#### Work request:
Begin with the line that holds "Gassi Service, Dogwalker, Gassi" and retype through the last line of the listing below, exactly; pictures are not part of the copy.

#### Extracted material:

|---|

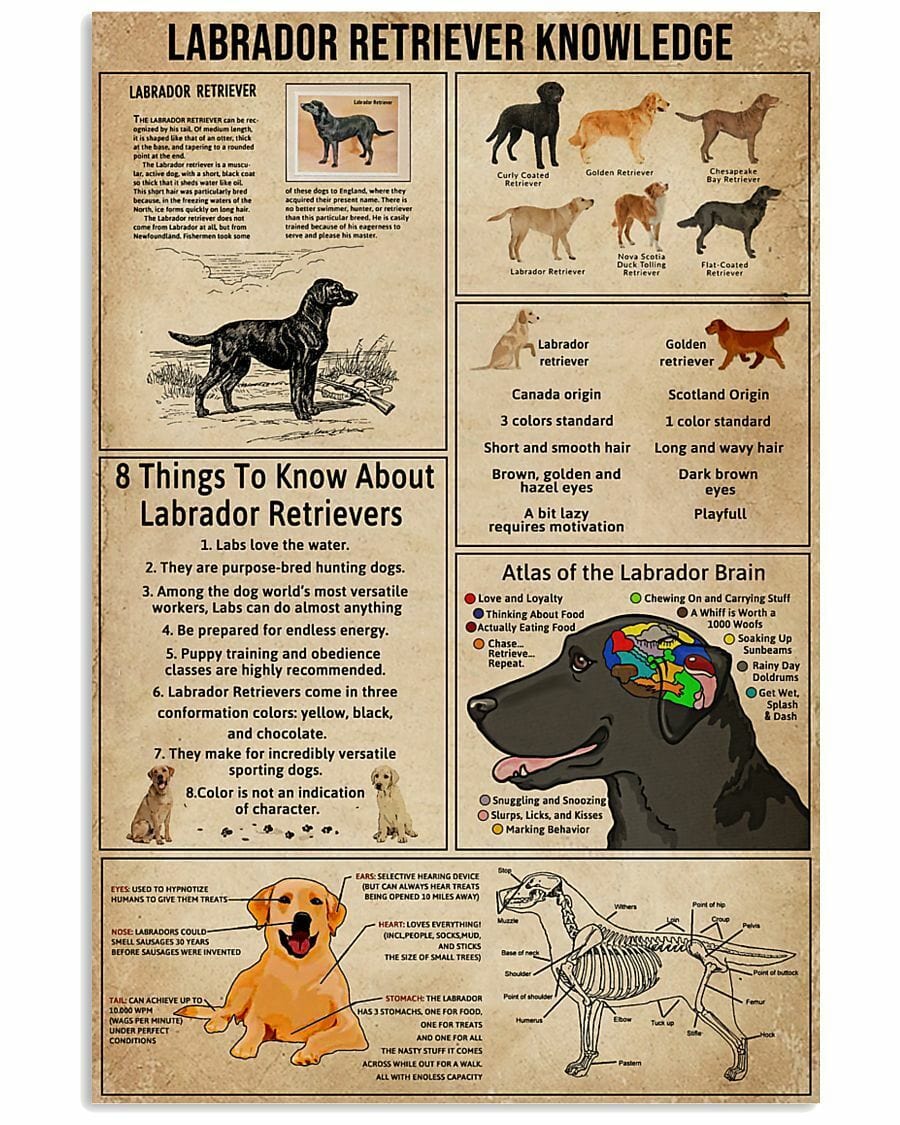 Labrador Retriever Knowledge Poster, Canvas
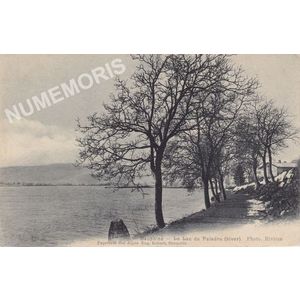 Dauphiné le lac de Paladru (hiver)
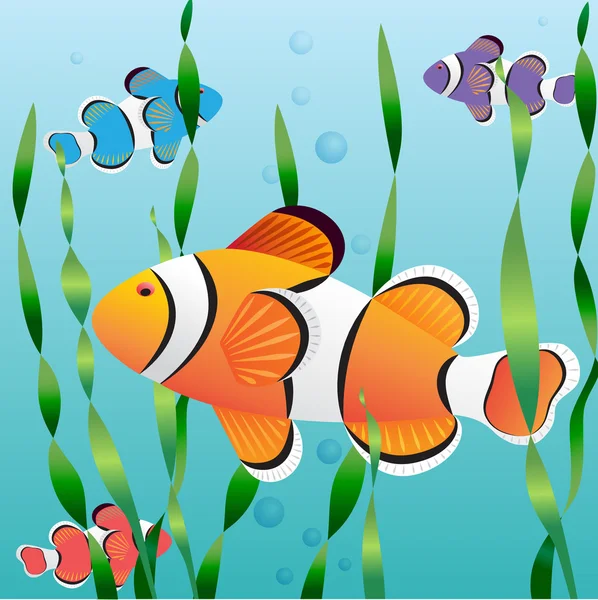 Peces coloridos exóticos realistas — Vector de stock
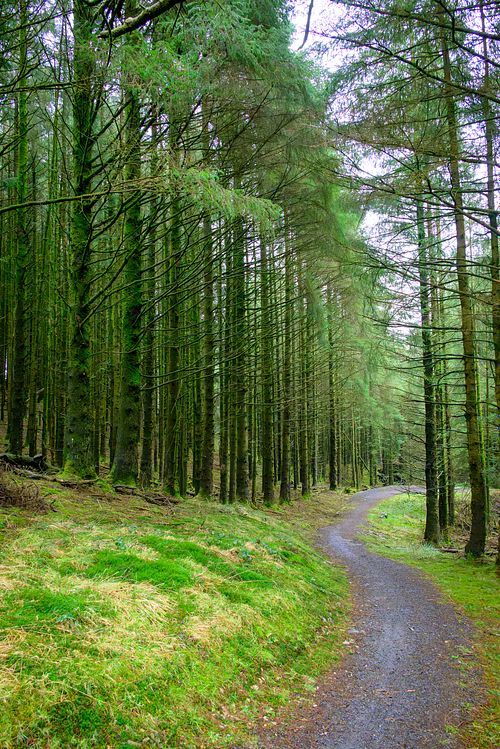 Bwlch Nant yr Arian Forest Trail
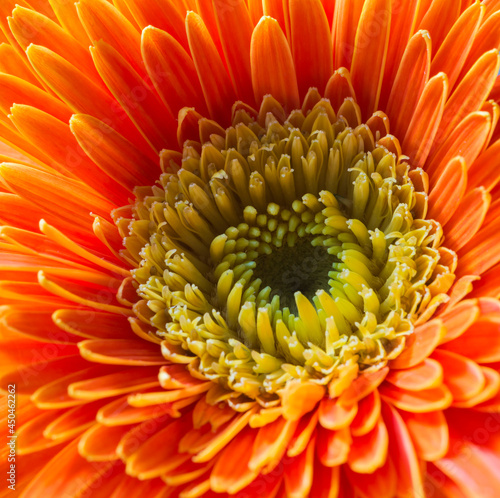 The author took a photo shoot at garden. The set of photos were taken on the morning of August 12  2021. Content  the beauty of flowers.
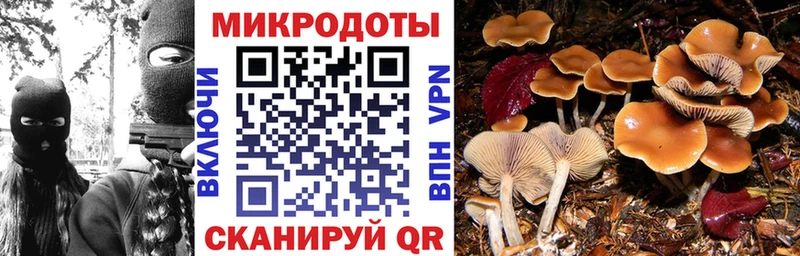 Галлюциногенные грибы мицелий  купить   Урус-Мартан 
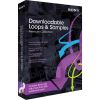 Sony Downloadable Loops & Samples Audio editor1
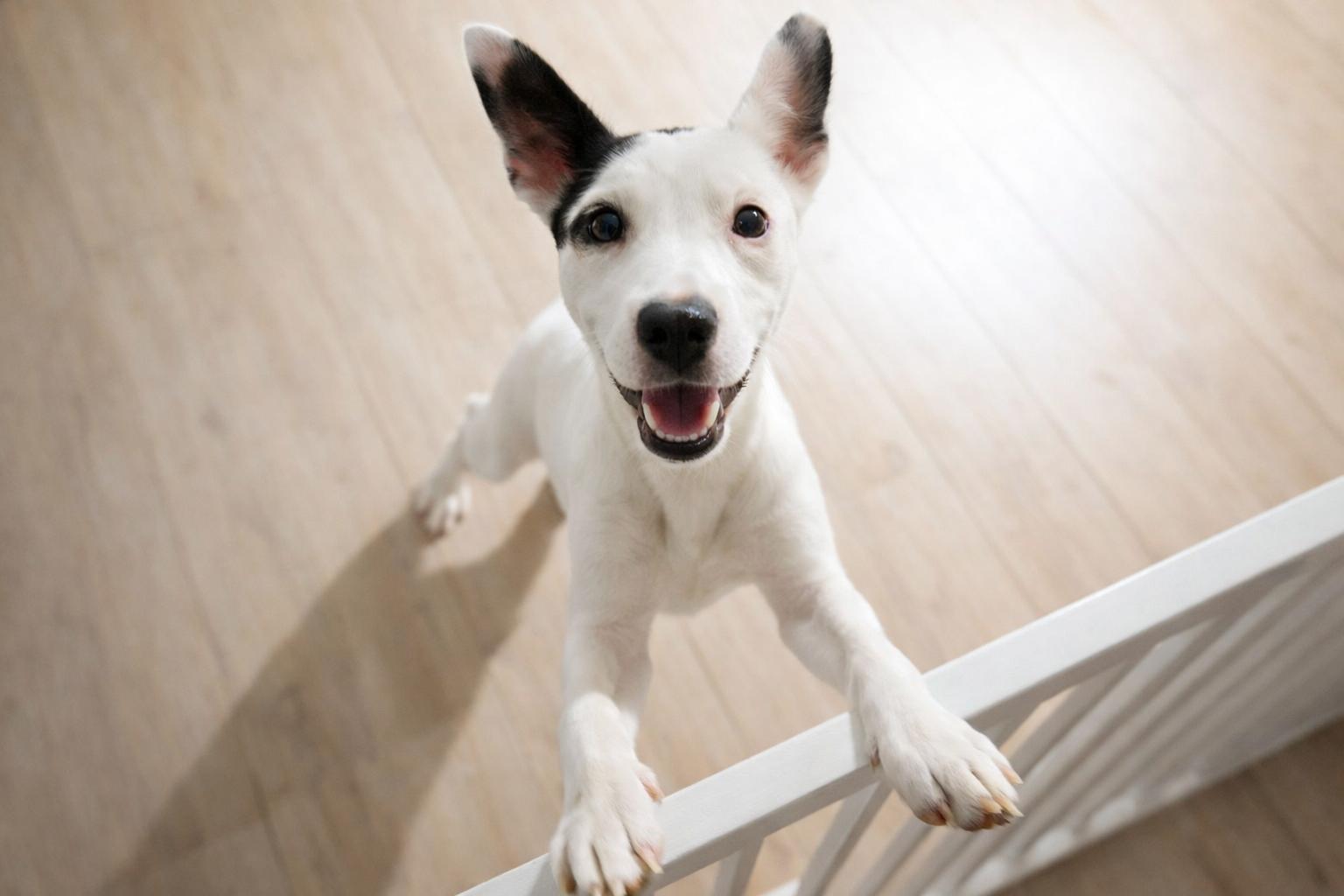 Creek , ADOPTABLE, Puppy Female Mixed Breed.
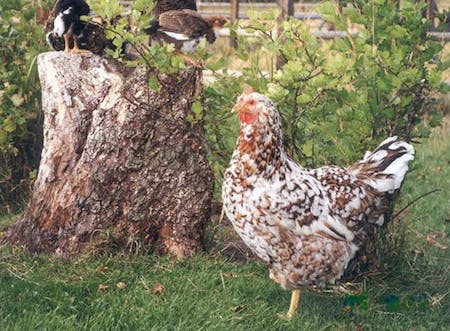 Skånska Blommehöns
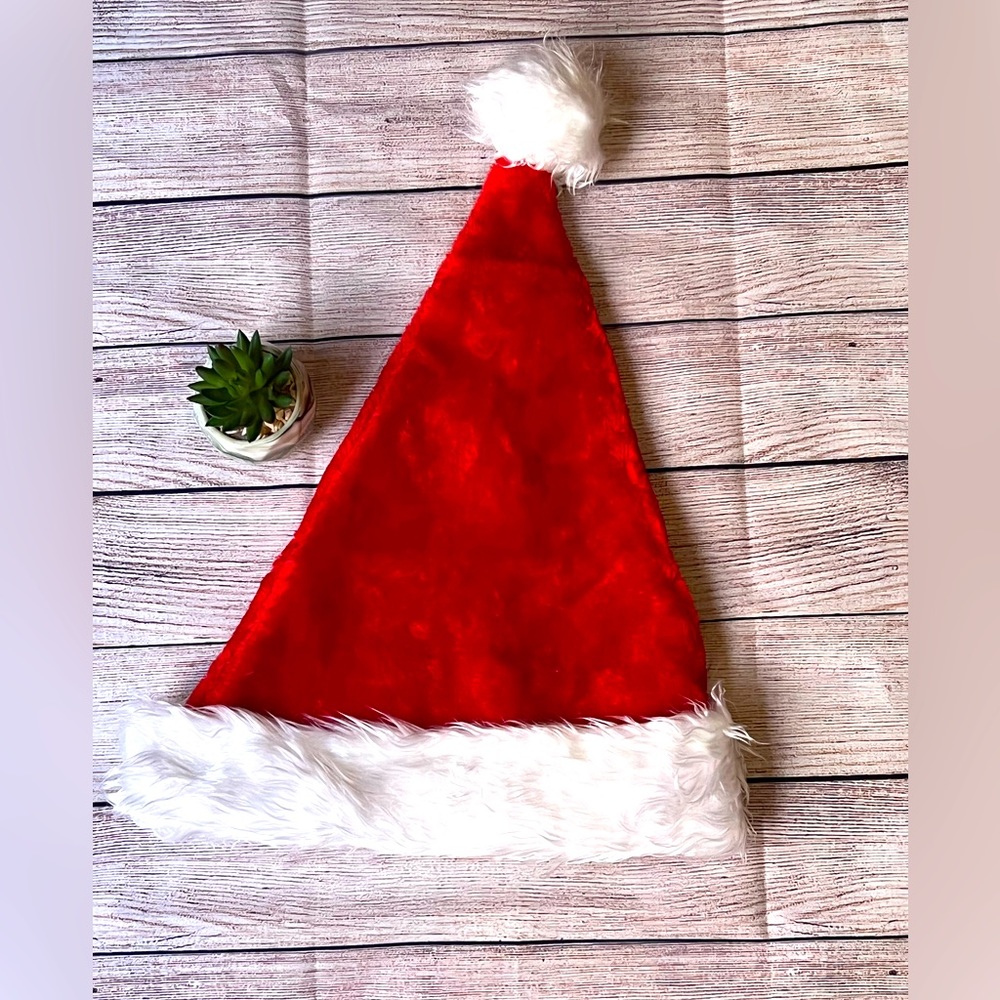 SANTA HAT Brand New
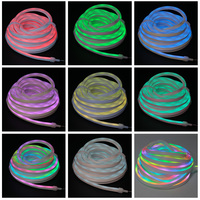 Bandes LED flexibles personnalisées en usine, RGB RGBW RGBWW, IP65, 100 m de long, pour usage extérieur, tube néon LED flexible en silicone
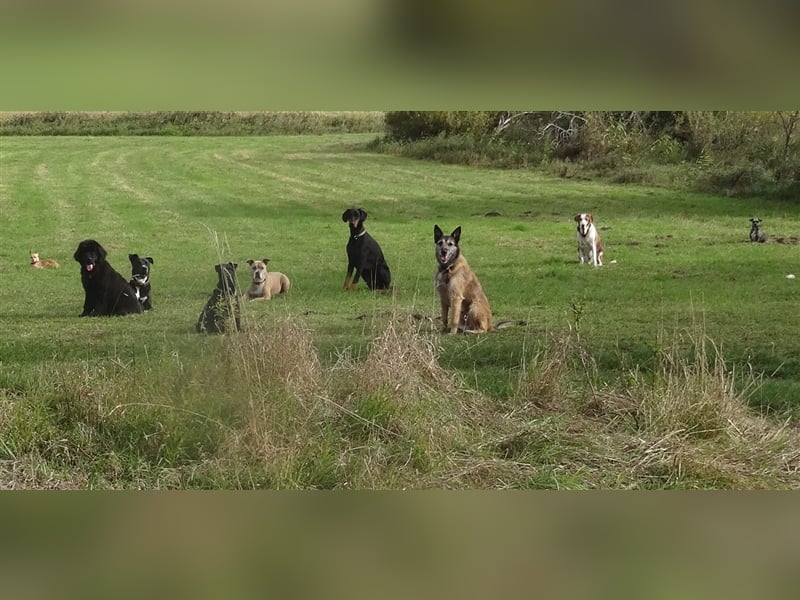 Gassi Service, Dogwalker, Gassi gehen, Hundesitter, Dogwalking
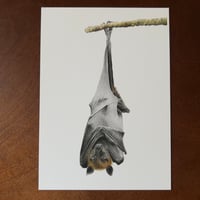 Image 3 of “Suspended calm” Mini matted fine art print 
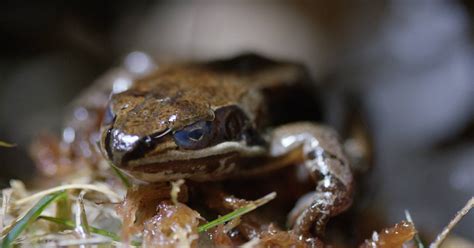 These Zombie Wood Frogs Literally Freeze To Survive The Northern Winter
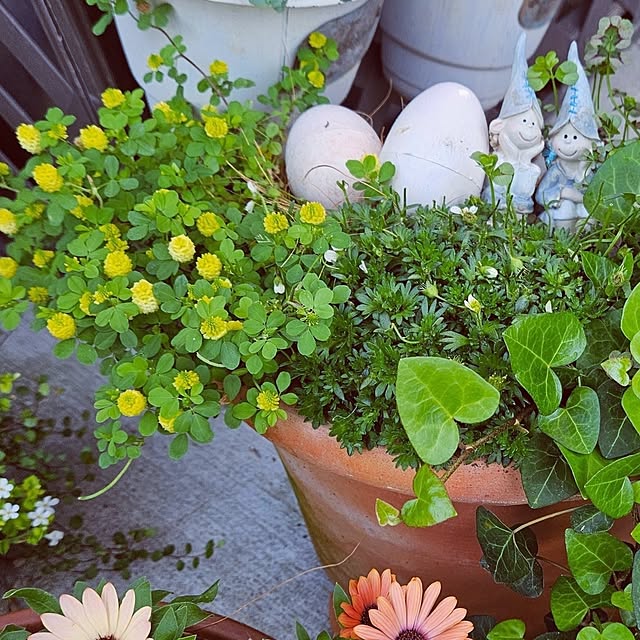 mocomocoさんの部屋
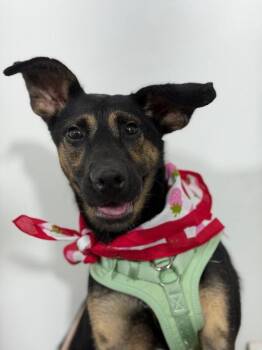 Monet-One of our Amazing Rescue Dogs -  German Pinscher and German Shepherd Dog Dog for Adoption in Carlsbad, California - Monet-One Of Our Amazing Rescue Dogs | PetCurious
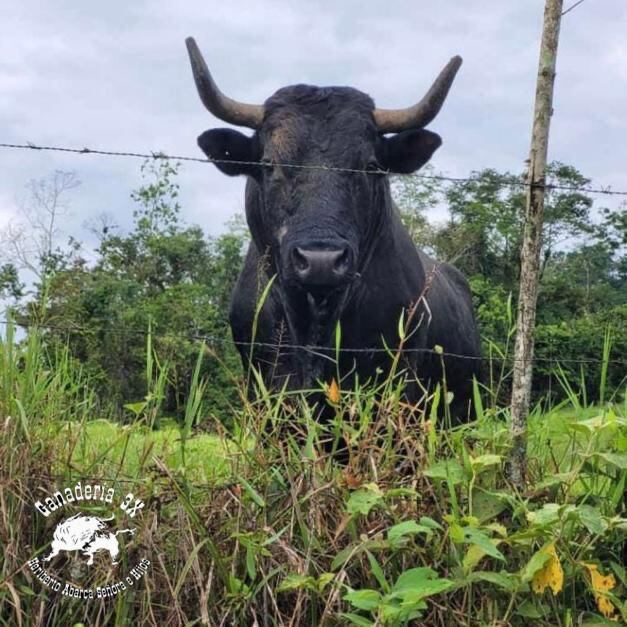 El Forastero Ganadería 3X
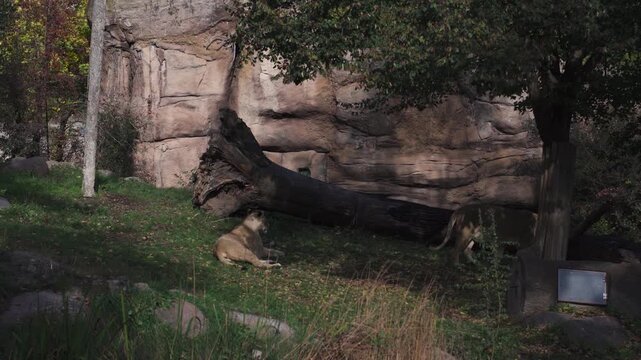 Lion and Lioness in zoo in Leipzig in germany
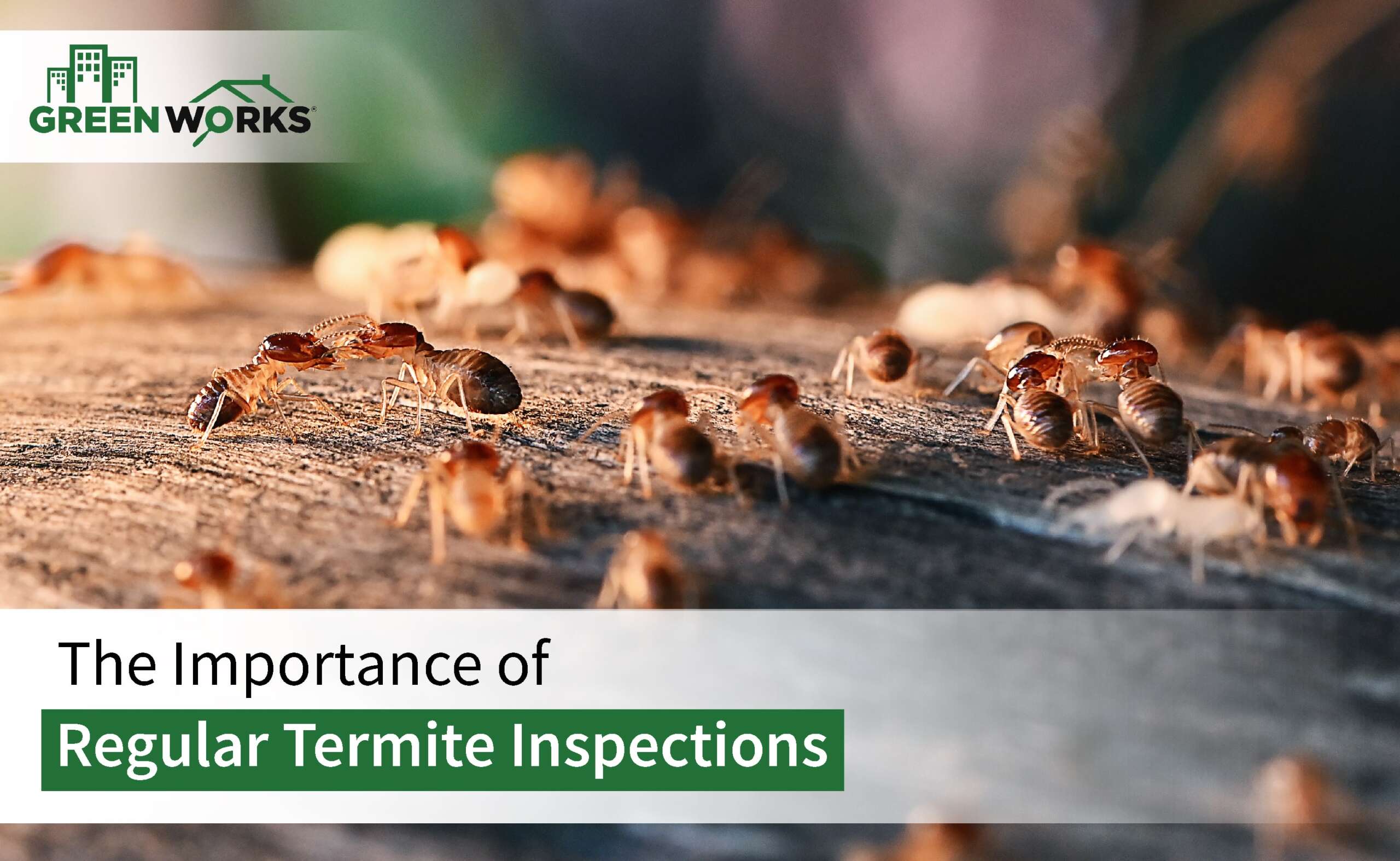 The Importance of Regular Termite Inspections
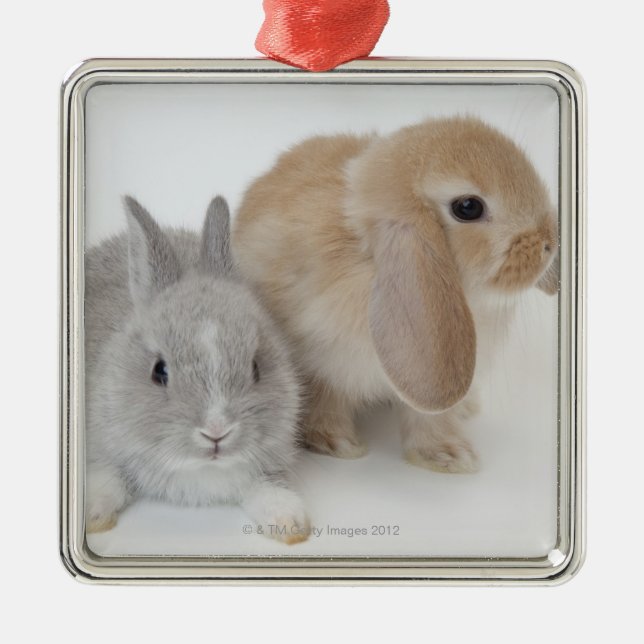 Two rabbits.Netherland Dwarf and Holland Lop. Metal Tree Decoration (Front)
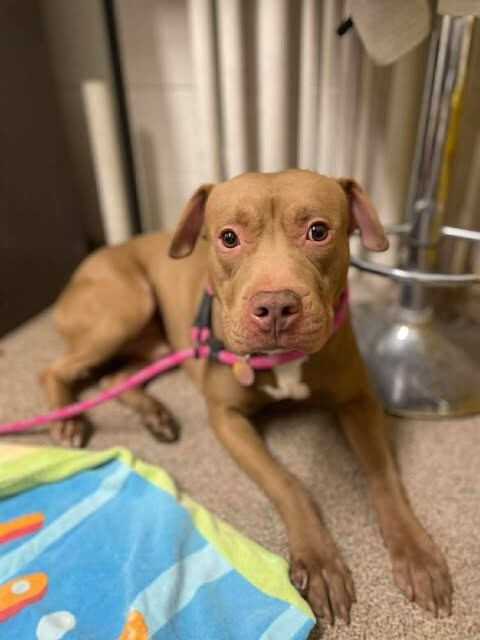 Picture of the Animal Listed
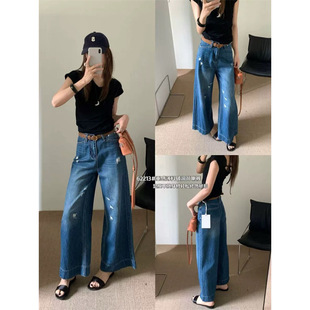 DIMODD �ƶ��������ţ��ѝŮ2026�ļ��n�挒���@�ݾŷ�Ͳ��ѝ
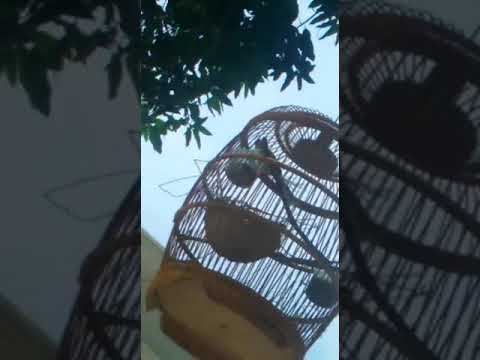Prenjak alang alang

|---|

#### Answer for this exercise:
 Gassi Service, Dogwalker, Gassi gehen, Hundesitter, Dogwalking
 Image 3 of “Suspended calm” Mini matted fine art print 
 These Zombie Wood Frogs Literally Freeze To Survive The Northern Winter
 mocomocoさんの部屋
 Monet-One of our Amazing Rescue Dogs -  German Pinscher and German Shepherd Dog Dog for Adoption in Carlsbad, California - Monet-One Of Our Amazing Rescue Dogs | PetCurious
 El Forastero Ganadería 3X
 Lion and Lioness in zoo in Leipzig in germany
 The Importance of Regular Termite Inspections
 Two rabbits.Netherland Dwarf and Holland Lop. Metal Tree Decoration (Front)
 Picture of the Animal Listed
 DIMODD �ƶ��������ţ��ѝŮ2026�ļ��n�挒���@�ݾŷ�Ͳ��ѝ
Prenjak alang alang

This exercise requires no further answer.